» **Action item**
Copy exactly every line below, from the first through the one that contains "A photograph of Leon in Novosibirsk Zoo", and skip all pictures.

START Data section

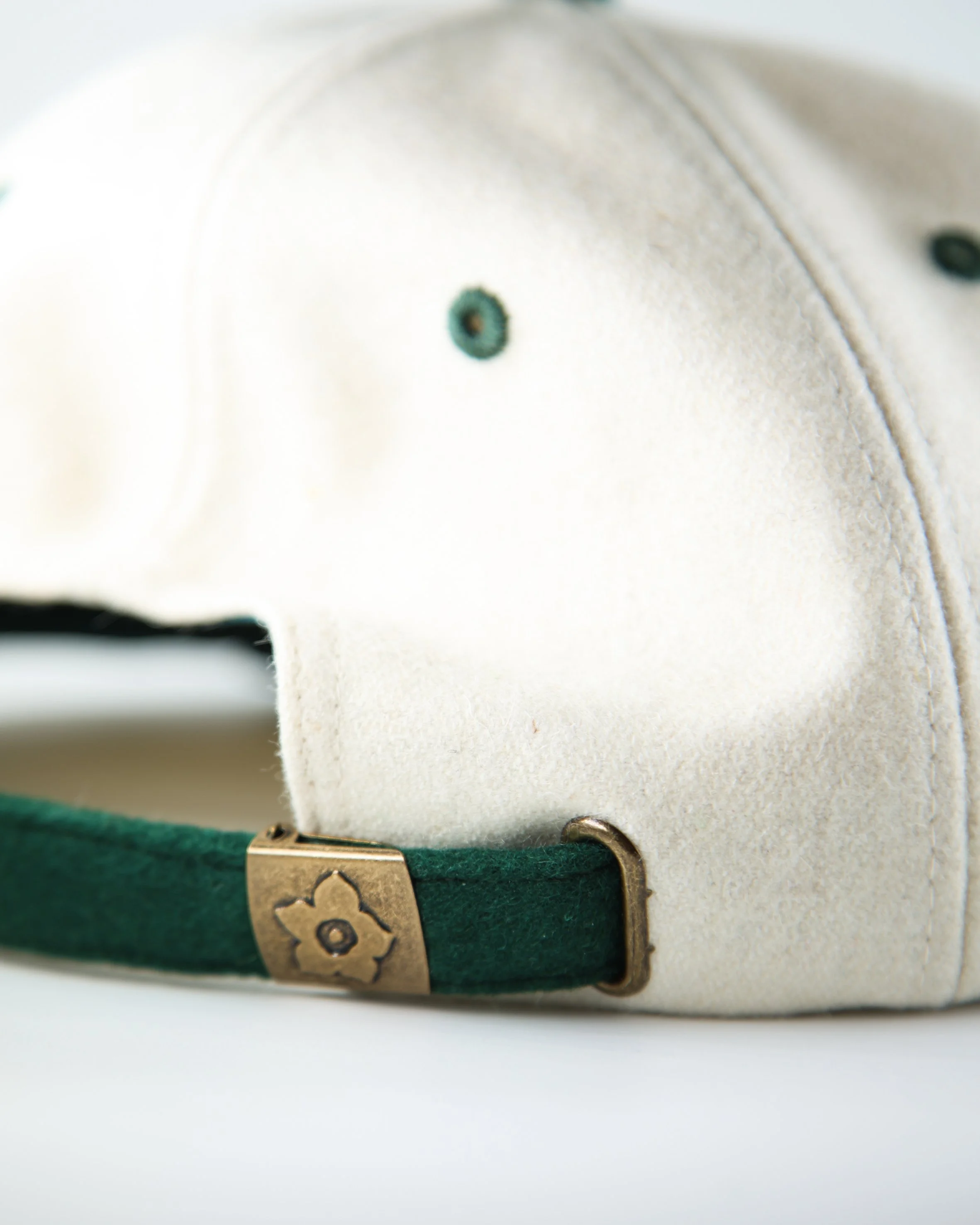 website cap8.jpg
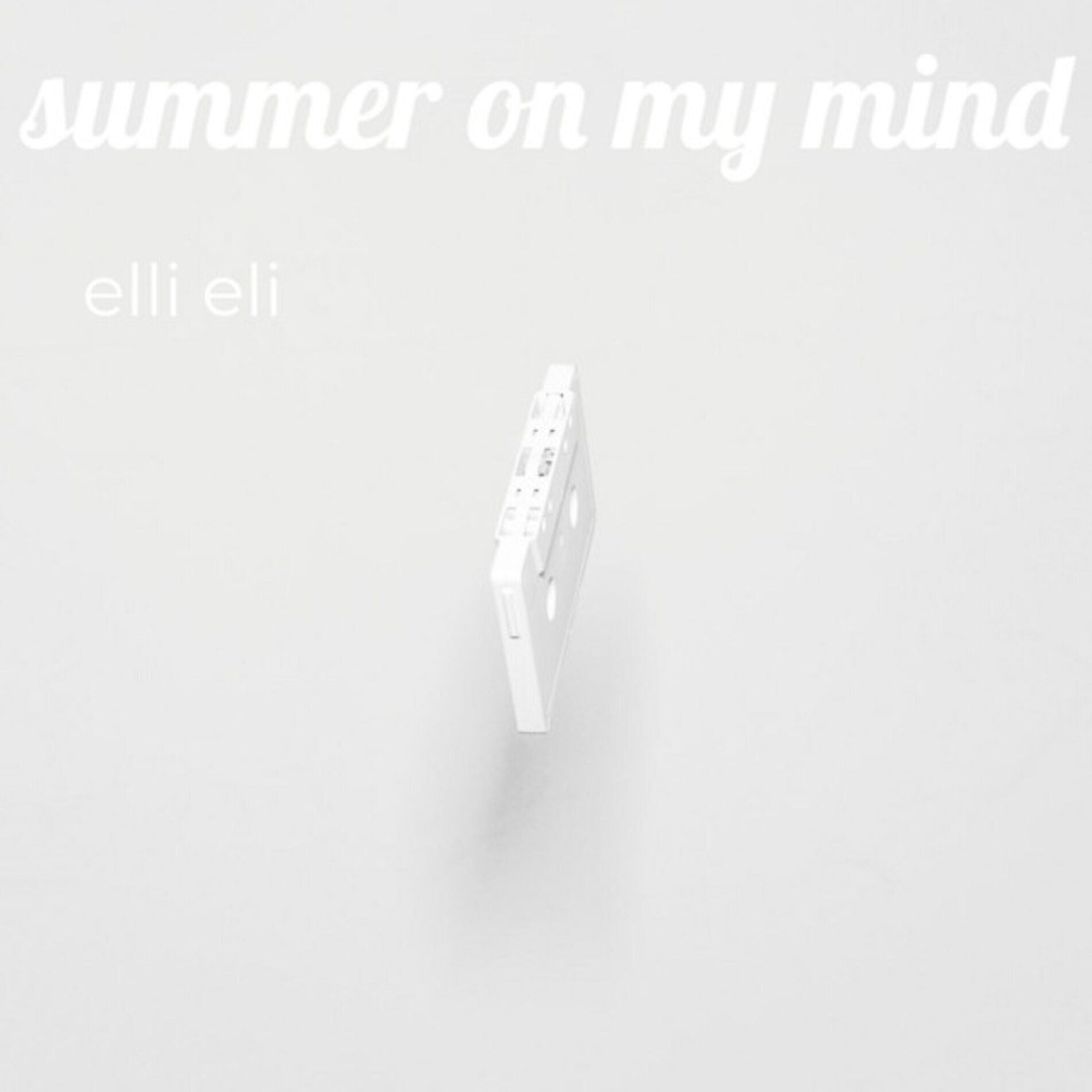 Album cover of I Got Summer On My Mind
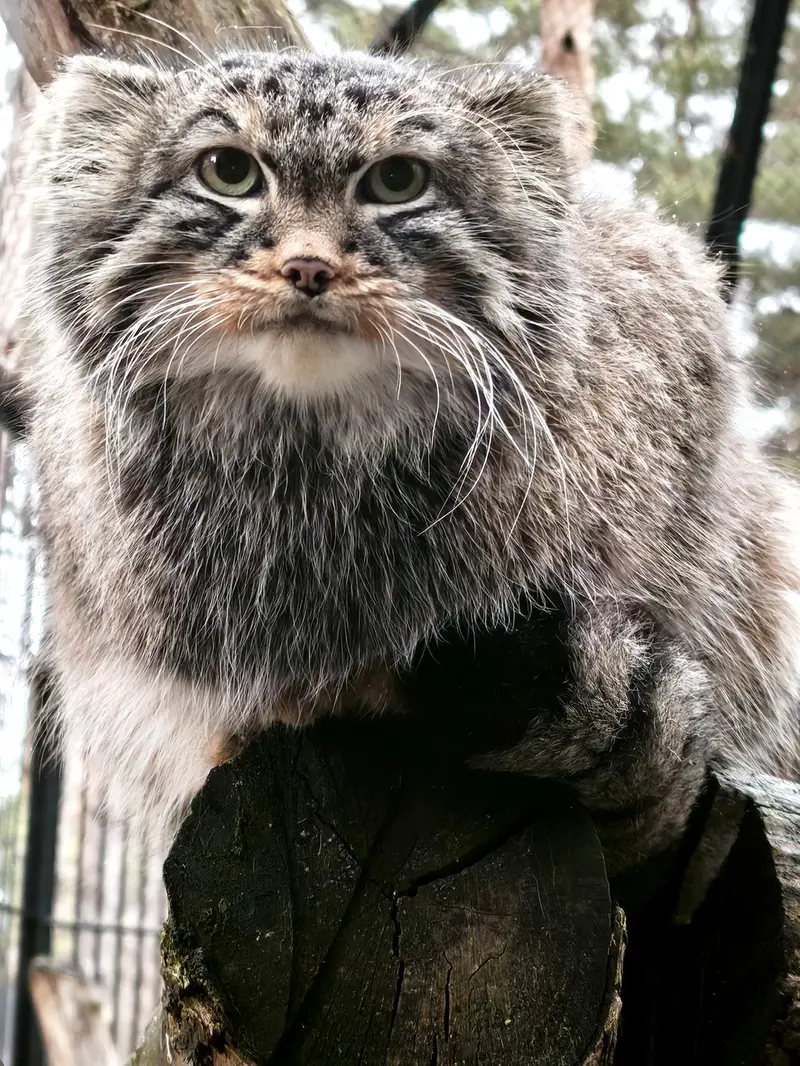 A photograph of Leon in Novosibirsk Zoo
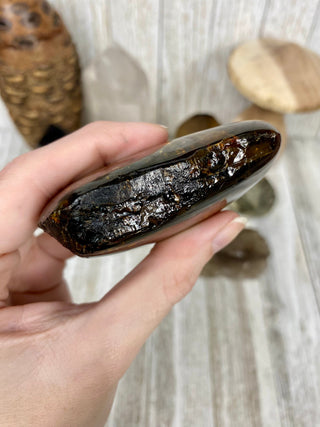 Lion's Mane Sumatran Amber | High Quality Collectors Grade Amber from Curious Muse Crystals Tagged with amber, brown, Crystal healing, fine mineral, fossil, fossilized amber, genuine crystal, hide-notify-btn, mineral specimen, real amber, sulfur, uv reactive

END Data section

» **The answer**
 website cap8.jpg
 Album cover of I Got Summer On My Mind
 A photograph of Leon in Novosibirsk Zoo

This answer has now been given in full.